The IEEE Visualization conference is just wrapping up, and this year I had the distinct pleasure of helping Bernice Rogowitz and Georges Grinstein in bringing back the Vis Lies event. It’s my favorite activity at vis that was disappointingly missing the past two years. I’m happy to say that it is back and as much fun as ever.
For those who haven’t had the distinct pleasure of attending, Vis Lies is a meeting where we share examples of lying and confusing with visualization. It’s a great way to learn the pitfalls of visual information display as well as learn the general principles behind good design. But mostly it is hilarious to see spectacular failures. It’s the visualization academic’s equivalent of watching someone getting smacked in the crotch.
I don’t have an accurate count of how many people attended, but we estimate it was around 90 or so. That’s pretty good for an 8:00pm meeting after a long day of lectures, workshops, tutorials, and other events. It’s probably about the same number of people that attended the SciRUN party that was running at the same time, and unlike us they had beer.
As always, the format ran with the organizers presenting a few examples and then opening up the forum for audience members. The audience was a little shy this year, but we did manage to coax Drew Skau, Russ Taylor, Soren Knudsen, and Mark Edgar to come up with some examples, and thanks to all of you. Kudos also goes to Francesca Samsel, who planned to present but was prevented by technical snafus.
Below are some examples from the event. Many are mine and others are those I collected from other presenters. I haven’t included everything, and if I’ve missed something you presented that I left out, drop me a note.

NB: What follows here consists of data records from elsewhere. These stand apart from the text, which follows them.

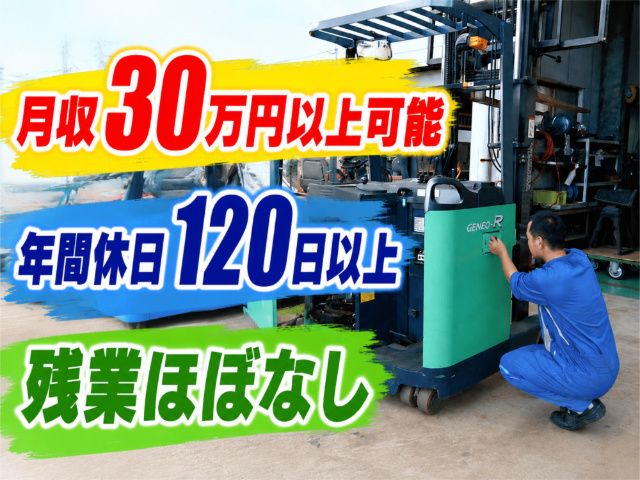 有限会社原島商会の求人・転職情報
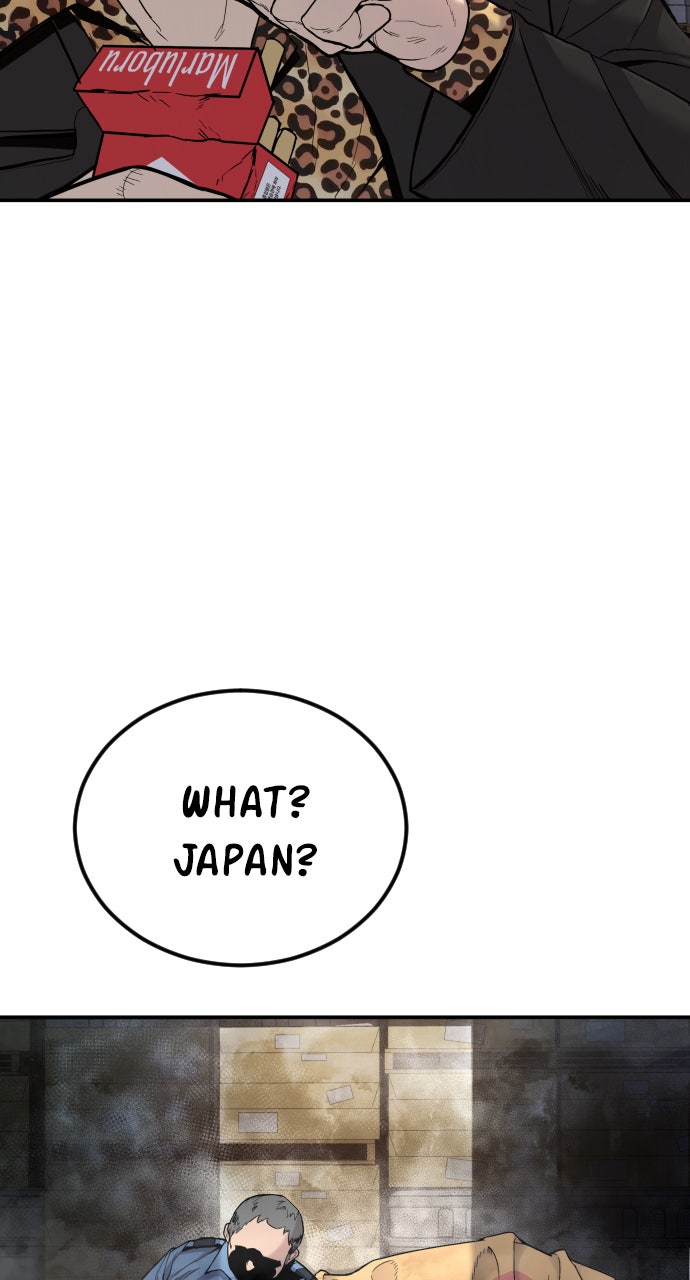 Read Manager Kim EN Manga Online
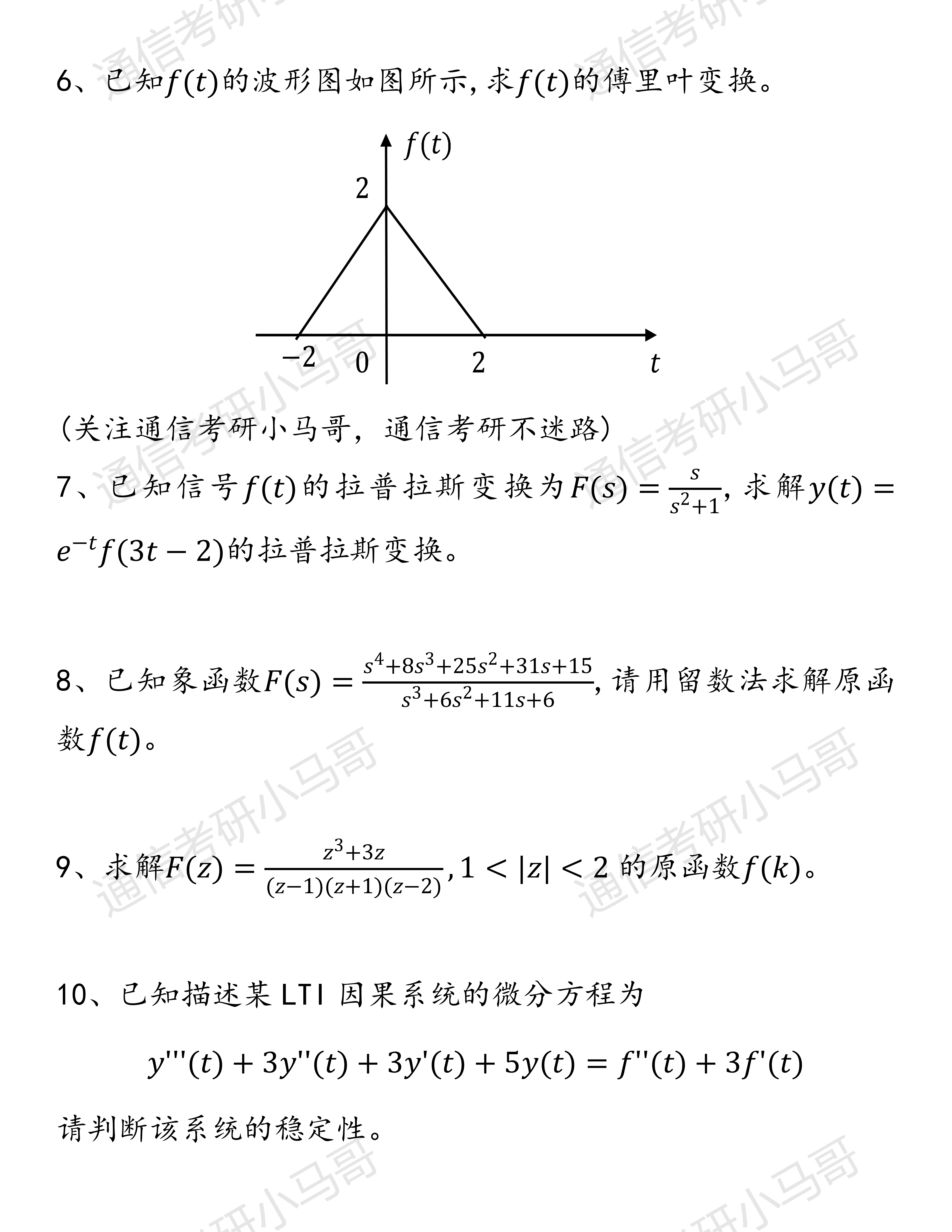 信號_穩定性_系統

Georges, or was it Bernice?, opened up the event with a warning how a visualization lie can have real consequences, even to those creating the visualization. Recently, AT&T sued Verizon over the “There’s a map for that” ads. At the heart of the lawsuit is AT&T’s claim that Verizon’s infographic of 3G coverage suggests that AT&T has no coverage over most of the country when in fact that most of this area is still covered by a 2G network.

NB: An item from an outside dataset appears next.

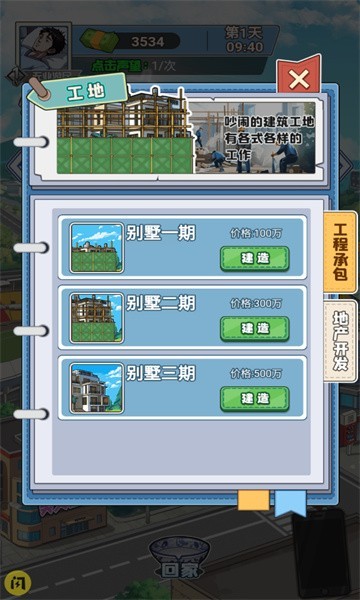 沉浸式生活手游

Verizon’s infographic could easily have suggested varying levels of coverage instead of implying the network does not exist. But then, commercials are not well known for fair comparisons. (AT&T later dropped the lawsuit after a federal judge declined a restraining order against Verizon.)
Bernice, or was it I?, came across this visualization from the Economist showing popular topics based on twitter traffic. The images shown here were captured on October 7, 2013. This visualization of bubbles is showing two things at once. The size of the bubbles (and associated labels) represent the relative popularity of the topics. The location of the bubbles represents the relationship between the topics (presumably measured by coincident mentions of the topics). Closely related topics are merged into a single bumpy shape.

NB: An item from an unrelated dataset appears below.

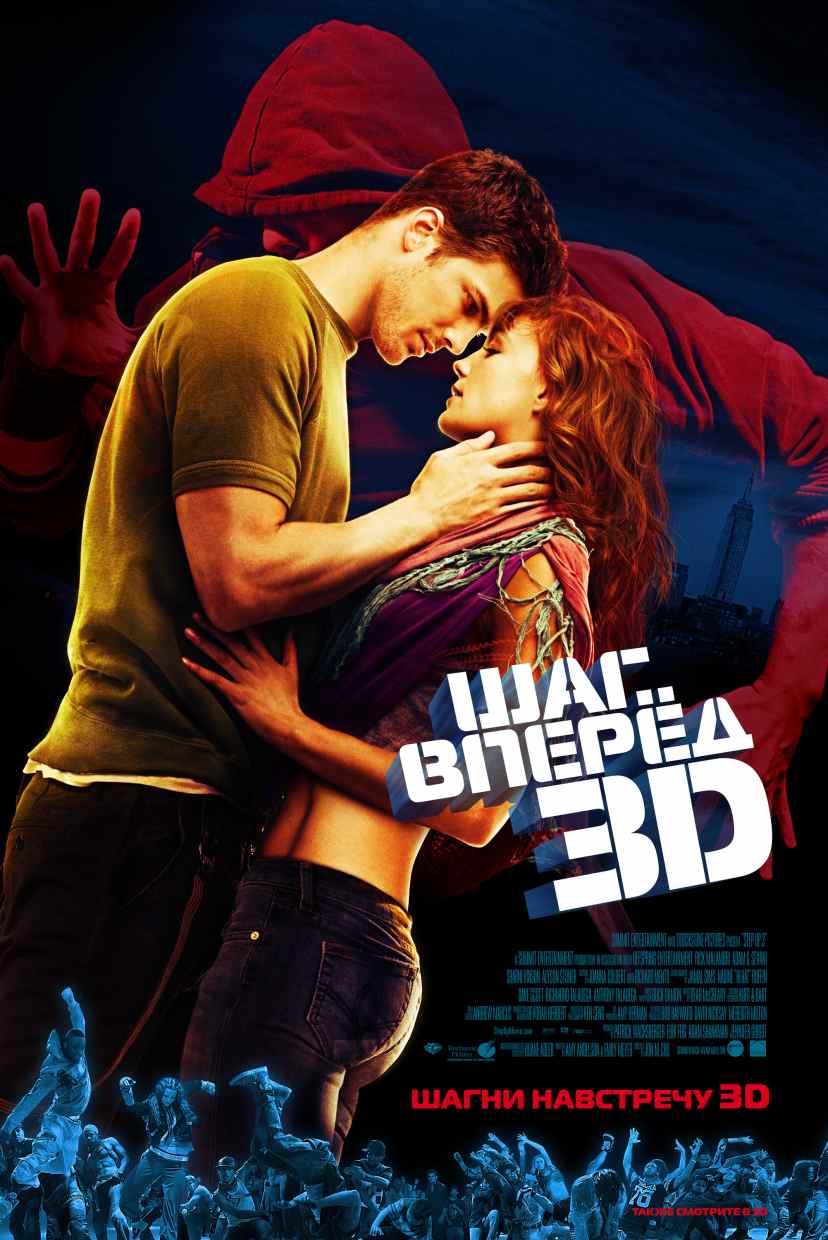 Фильм Шаг вперед 3: расписание сеансов, отзывы и рецензии на кино Step Up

All this is a straightforward and intuitive way to represent the frequency and relationships of topics. But consider what happens when you hit the refresh button and the visualization is regenerated. As we look from the first image to the second image, we see that the visualization has completely changed. “Germany” has become huge whereas “Muslim” has shrunk and completely broken its strong bond to “US.” “Esperanto” is inexplicably related to “China” but for some reason not well related to the “Esperanto World Convention.” (Who knew a fabricated language could be tweeted more times than it’s actually used?)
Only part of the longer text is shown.